Rajasthan High Court - Jaipur

Dhanesh Cotton Ginning Dal & Oil Mills vs Ito on 17 September, 2003

Equivalent citations: (2004)86TTJ(NULL)425

ORDER

B.L. Khatri, A.M. This is an appeal filed by the assessee against the order of the learned Dy, Commissioner (Appeals), Jodhpur, for the assessment year 1993-94.

2. The ground No. 1 relates to the addition of Rs. 5,262 on account of low yield of rice bran.

3. We have heard the rival submissions and perused the relevant materials available on records. In this case, the learned assessing officer had accepted the yield of rice the main product shown at 65.4 per cent to be reasonable but took the yield of the rice bran recovered at 8.18 per cent to be lower than 8.45 per cent shown in the assessment year 1991-92, though in the assessment year 1992-93, the same was recovered at 8.16 per cent. The assessing officer should have pointed out defects in maintenance of accounts in the absence of which no addition can be made for low yield. Besides, the assessing officer should have compared the results of current year with immediate past year i.e., assessment year 1992-93. We are also of the opinion that the appellant cannot be expected to declare the results with arithmetical accuracy in comparison to the past years as there is slight decrease in comparison to past year. Therefore, the addition of Rs. 5,266 sustained by the learned Dy. Commissioner (Appeals) for low yield of rice bran is hereby deleted.

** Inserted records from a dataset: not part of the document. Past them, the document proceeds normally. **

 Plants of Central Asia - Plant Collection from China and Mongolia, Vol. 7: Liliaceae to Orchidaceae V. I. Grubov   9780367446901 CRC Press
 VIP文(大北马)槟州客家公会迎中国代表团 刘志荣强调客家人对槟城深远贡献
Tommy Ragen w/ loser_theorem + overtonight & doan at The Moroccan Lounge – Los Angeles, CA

4. The ground No. 2 pertains to the addition of Rs. 33,040 on account of rice husk.

5. We heard the rival submissions and perused the relevant materials on record. The learned assessing officer had referred to the decision Income Tax Officer v. R.K. Rice & General Mills (1990) 38 7TJ (Chd) 387: 451 Taxation 145 wherein, it was held that 20 per cent of the total paddy should be treated as husk. Even in other cases of Hanumangarh town, they are showing husk at the above percentage and its value was prevailing at Rs. 16 per quintal.

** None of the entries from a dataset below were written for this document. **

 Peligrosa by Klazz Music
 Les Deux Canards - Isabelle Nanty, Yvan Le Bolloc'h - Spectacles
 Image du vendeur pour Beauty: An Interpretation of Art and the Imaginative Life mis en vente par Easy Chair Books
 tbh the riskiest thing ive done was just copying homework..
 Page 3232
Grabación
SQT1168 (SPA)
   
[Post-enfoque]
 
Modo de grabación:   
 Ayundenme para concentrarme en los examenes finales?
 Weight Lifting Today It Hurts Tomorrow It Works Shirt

6. The learned counsel for the assessee has relied on the decision in Income Tax Officer v. Mohan Lal Thaper & Bros. (1993) 47 TTJ (Chd) 452 before the learned Dy. Commissioner (Appeals) wherein it was held that no such addition on account of husk could be made where no sale was found to have taken place. The learned counsel for the assessee has also relied on the order of the learned Commissioner (Appeals) in the case of the appellant for the assessment year 1992-93 wherein the learned Commissioner (Appeals) after having discussed the facts of the case deleted the addition on the ground that it was using the husk in its own factory and that part of it is thrown away as being of no use due to the inability to sell it.

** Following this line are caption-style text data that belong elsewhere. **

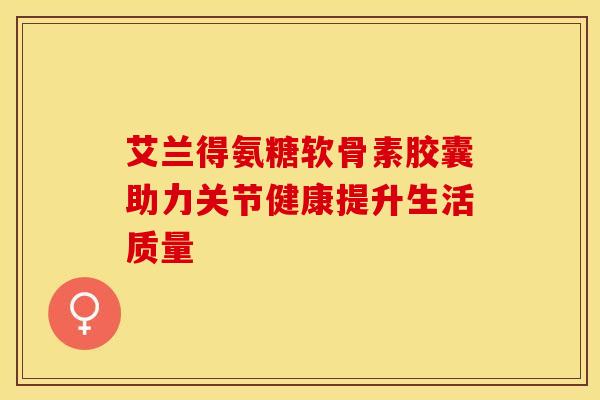 艾兰得氨糖软骨素胶囊助力关节健康提升生活质量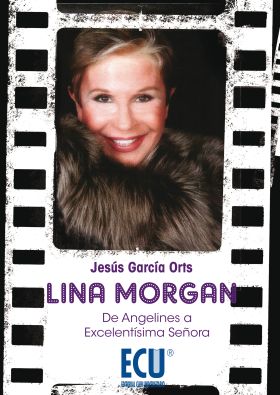 LINA MORGAN: DE ANGELINES A EXCELENTISIMA SEÑORA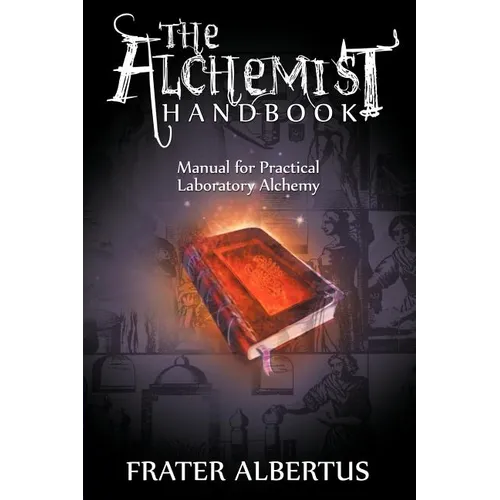 The Alchemists Handbook: Manual for Practical Laboratory Alchemy - Paperback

7. In view of the submissions of the learned counsel and order of the learned Commissioner (Appeals) for the assessment year 1992-93, we hereby delete the addition of Rs. 33,040 sustained by the learned Dy. Commissioner (Appeals).

8. The ground No. 3 relates to the disallowance of Rs. 5,000 out of factory expenses and repairs account.

9. The learned Dy. Commissioner (Appeals) has sustained the disallowance of Rs. 5,000 pertaining to factory and repairs expenses out of 37,036 and Rs. 41,092, respectively, on the ground that the assessing officer did not find any expenses fully vouched.

10. We have perused the order of the assessing officer and find that there were no instances of unvouched items of expenditure. Therefore, in the absence of any specific instances quoted by the assessing officer, the disallowance of Rs. 5,000 sustained by the learned Dy. Commissioner (Appeals) is hereby deleted.

11. The last ground pertains to the disallowance of scooter expenses and depreciation by 1/5th of the claim. The assessing officer had disallowed 1/5th of these expenses and depreciation on account of personal use of scooter by the partners.

12. We have considered the rival submissions and gone through the materials available on record. We do not find any infirmity in the order of the learned Dy. 1AW Commissioner (Appeals). Therefore, it is upheld.

13. In the result, the appeal filed by the assessee is partly allowed.